Terry Ryan
- Full name: Terence Ryan
- Country (sports): South Africa
- Born: 27 April 1942 (age 82) Johannesburg, South Africa

Singles
- Career record: 38–70
- Career titles: 0
- Highest ranking: No. 100 (3 June 1974)

Grand Slam singles results
- French Open: 3R (1968, 1971)
- Wimbledon: 3R (1966, 1970)
- US Open: 2R (1966)

Doubles
- Career record: 18–48
- Career titles: 0

Grand Slam doubles results
- French Open: 4R (1971)
- Wimbledon: 2R (1968, 1972)
- US Open: 3R (1971)

= Terry Ryan (tennis) =

South African tennis player

Terence Ryan (born 27 April 1942) is a former professional tennis player from South Africa.

==Biography==
===Career===
Born in Johannesburg, Ryan began touring in the 1960s. Ryan notably pushed Arthur Ashe to five sets when they met in second round of 1969 Wimbledon Championships. He won the first two sets, before the fifth seeded American came back to win and ultimately make the semi-finals. In 1971 he partnered with Željko Franulović to make the fourth round of the men's doubles at the French Open, then teamed up with Jimmy Connors at that year's US Open and reached the third round.
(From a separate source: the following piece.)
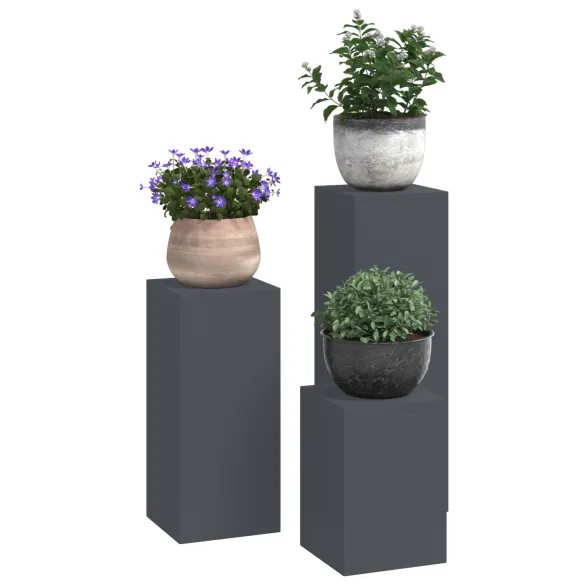 Suporturi Plante Exterior - Set 3 Bucăți - Antracit - Oțel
His best singles results on the Grand Prix circuit were quarter-final appearances at Eastbourne in 1971 and Newport, Wales in 1973.

===Personal life===
Ryan was the tournament director of the Dorado Beach WCT Tournament of Champions when it featured on the World Championship Tennis tour in 1979. He settled in Puerto Rico and worked as a head tennis coach at resorts in Dorado.